# WORK TASK
Any pictures in the records below must be left out when you repeat the lines from the line containing "Ο Νίκος Μπέρκας" through the line containing "Armband mit 21" exactly.

# STUDY MATERIAL
######

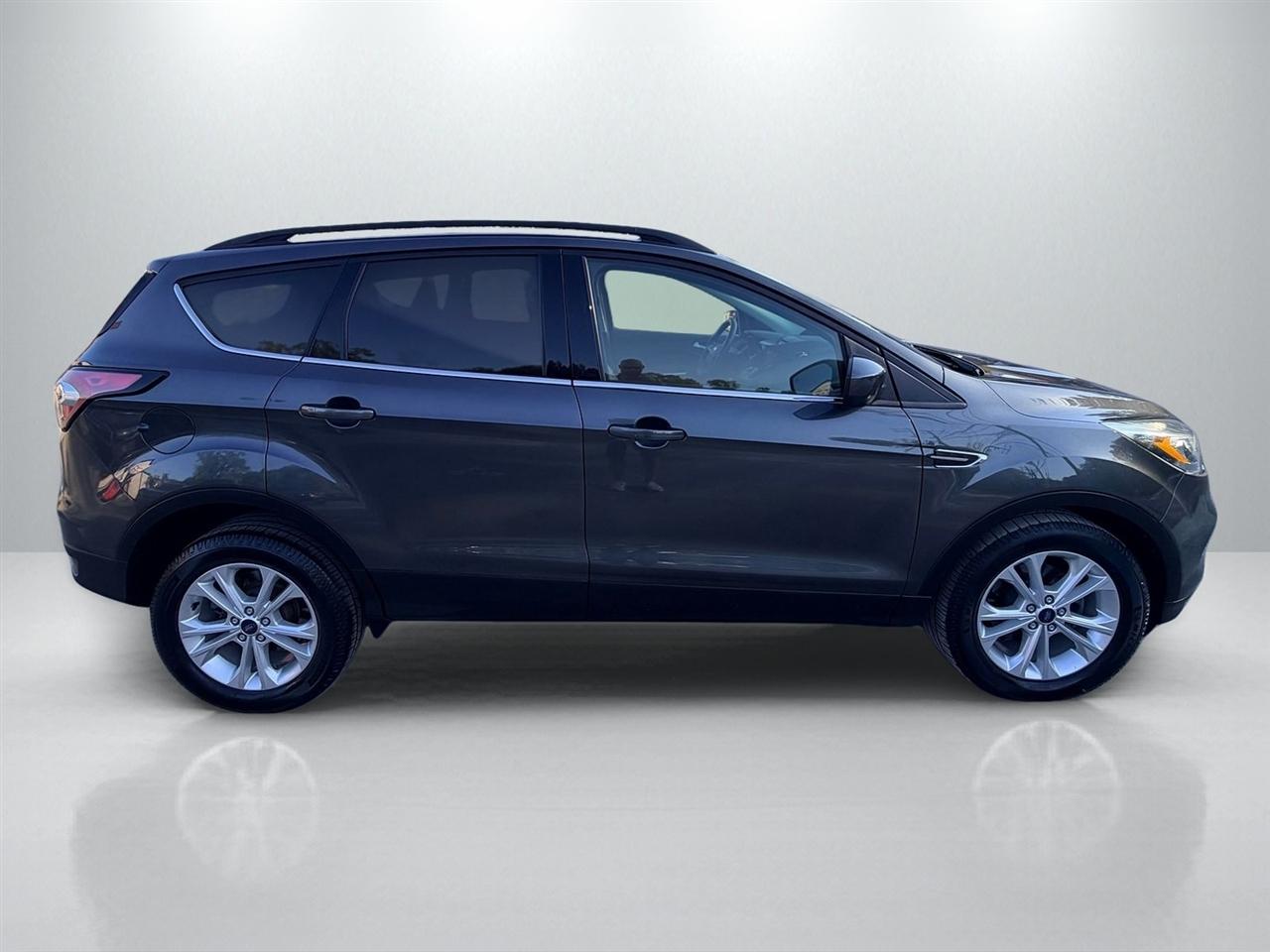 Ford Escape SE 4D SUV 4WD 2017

######

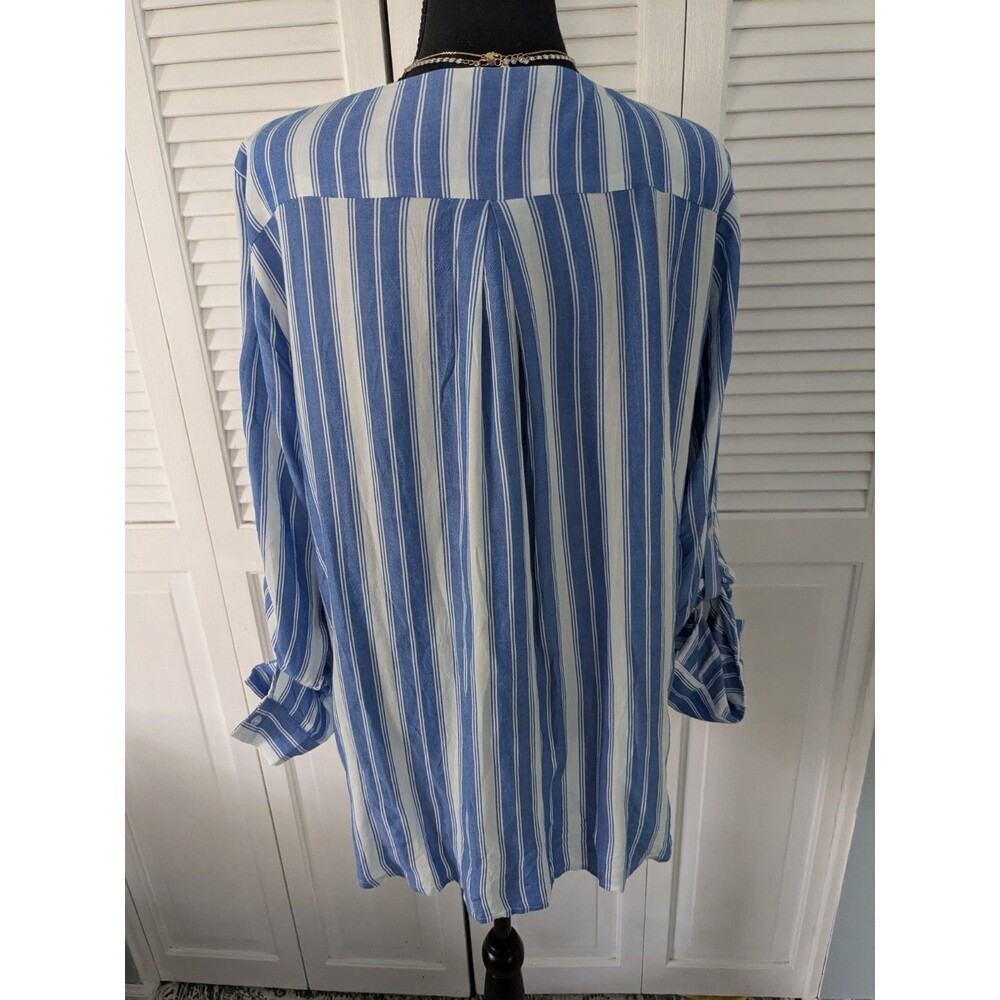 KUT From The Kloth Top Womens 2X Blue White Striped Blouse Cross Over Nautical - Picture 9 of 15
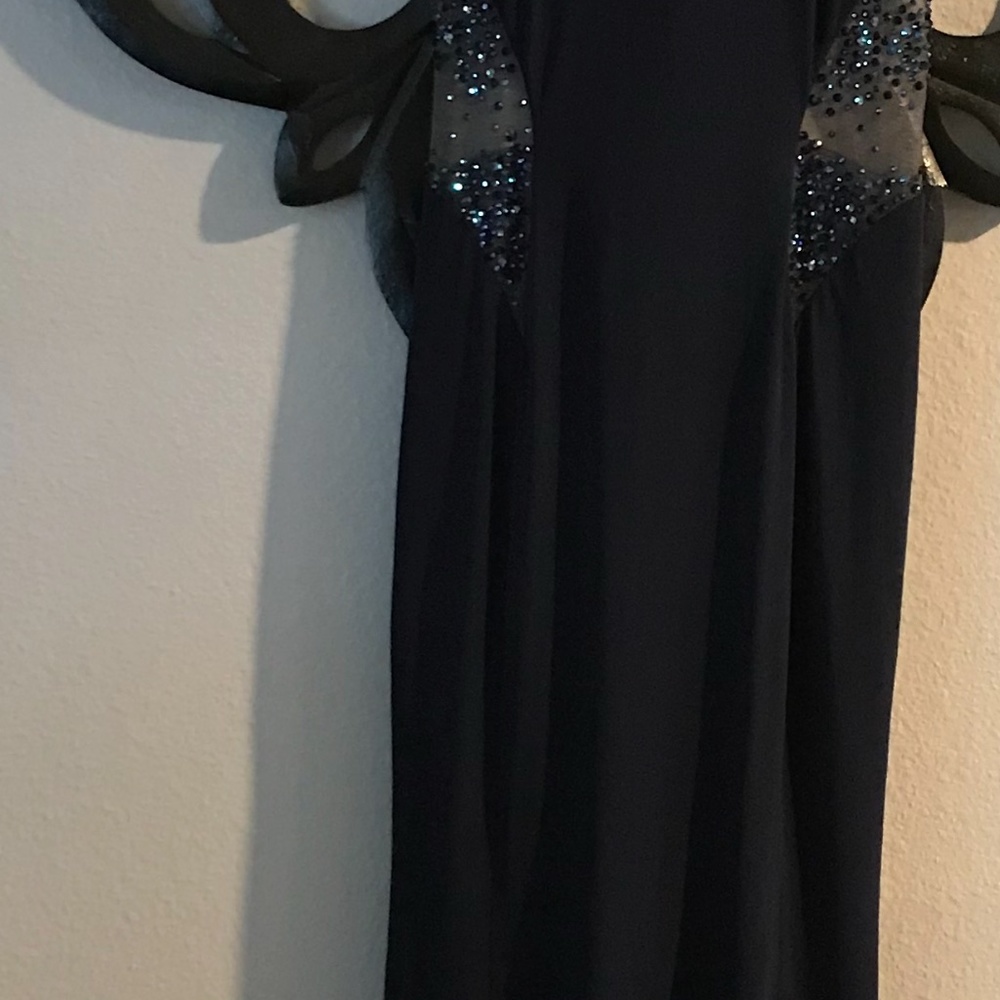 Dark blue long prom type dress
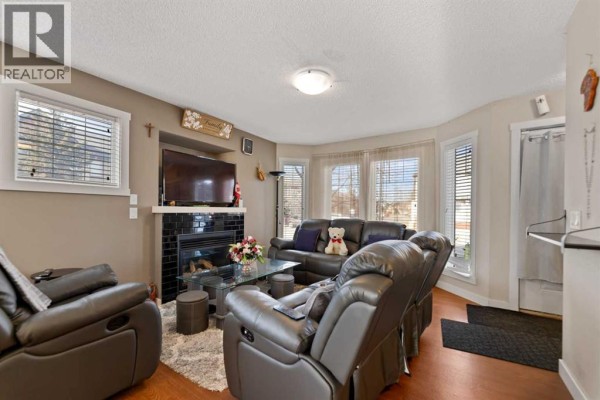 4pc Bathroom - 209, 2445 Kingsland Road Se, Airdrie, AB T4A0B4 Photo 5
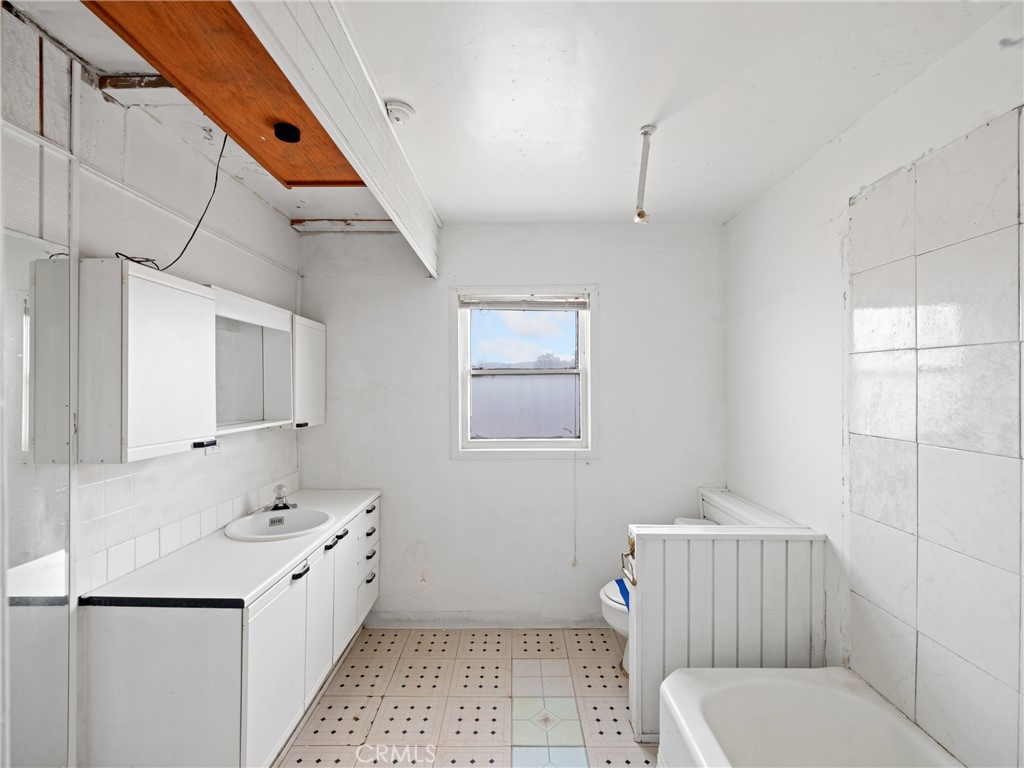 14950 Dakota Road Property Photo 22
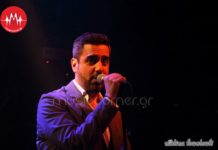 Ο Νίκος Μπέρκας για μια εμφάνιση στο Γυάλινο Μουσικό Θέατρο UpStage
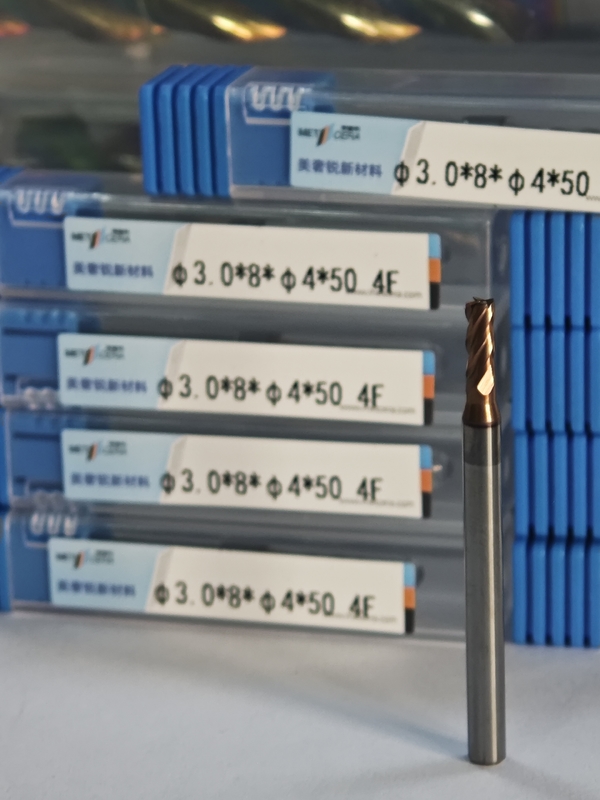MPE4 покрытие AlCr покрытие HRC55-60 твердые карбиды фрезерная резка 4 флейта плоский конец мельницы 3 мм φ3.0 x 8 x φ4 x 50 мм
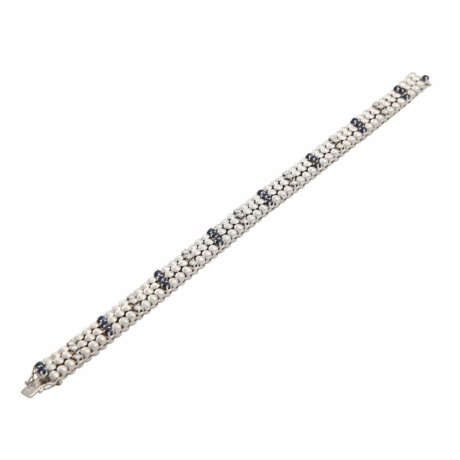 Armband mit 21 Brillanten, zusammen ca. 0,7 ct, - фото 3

######

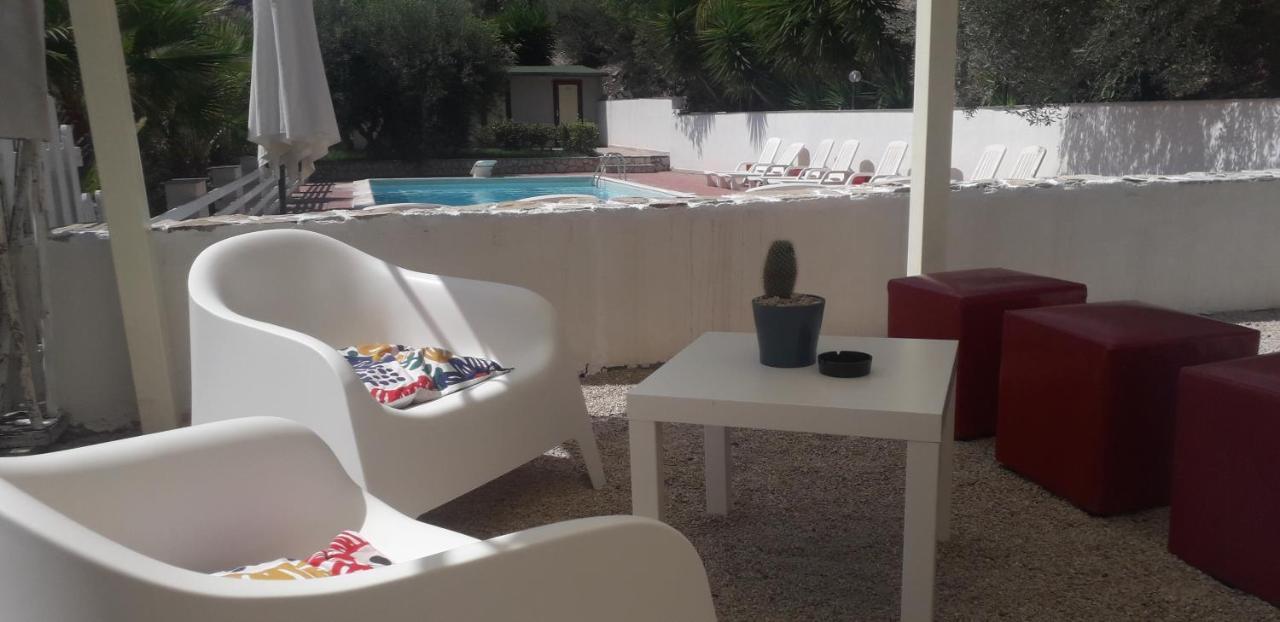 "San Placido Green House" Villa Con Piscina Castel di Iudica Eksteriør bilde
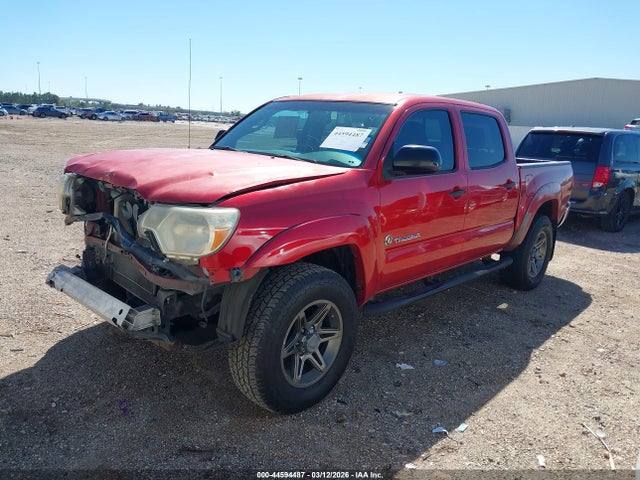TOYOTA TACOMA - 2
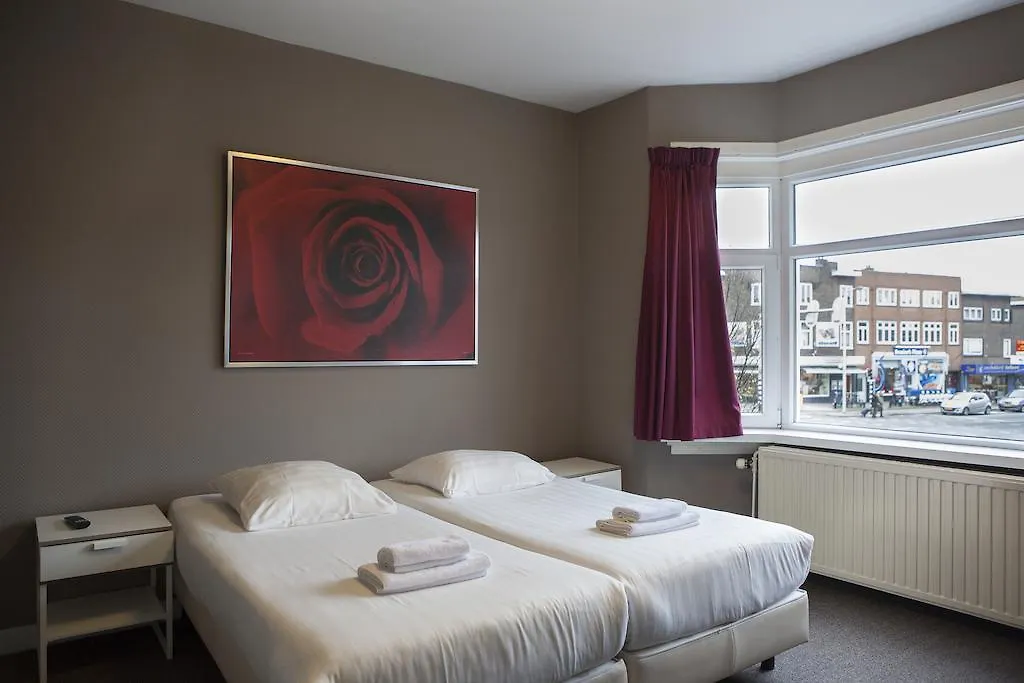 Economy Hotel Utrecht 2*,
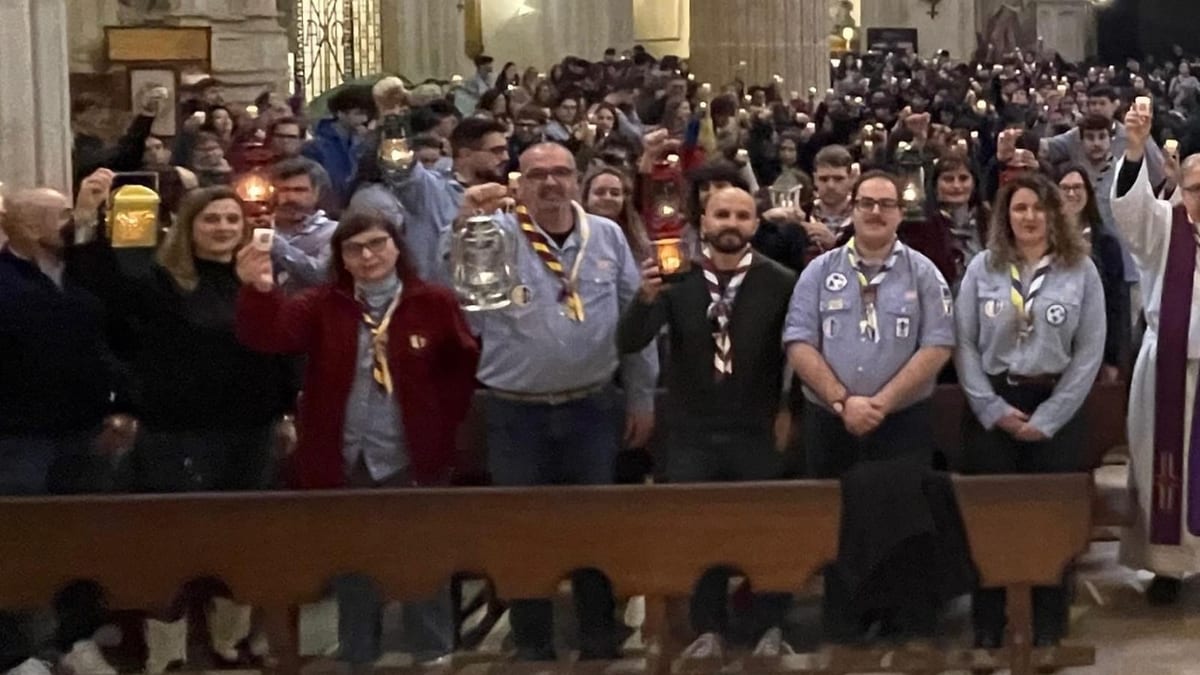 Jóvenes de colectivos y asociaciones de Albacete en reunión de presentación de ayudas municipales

######

# OUTPUT FOR THIS TASK
 Ο Νίκος Μπέρκας για μια εμφάνιση στο Γυάλινο Μουσικό Θέατρο UpStage
MPE4 покрытие AlCr покрытие HRC55-60 твердые карбиды фрезерная резка 4 флейта плоский конец мельницы 3 мм φ3.0 x 8 x φ4 x 50 мм
 Armband mit 21 Brillanten, zusammen ca. 0,7 ct, - фото 3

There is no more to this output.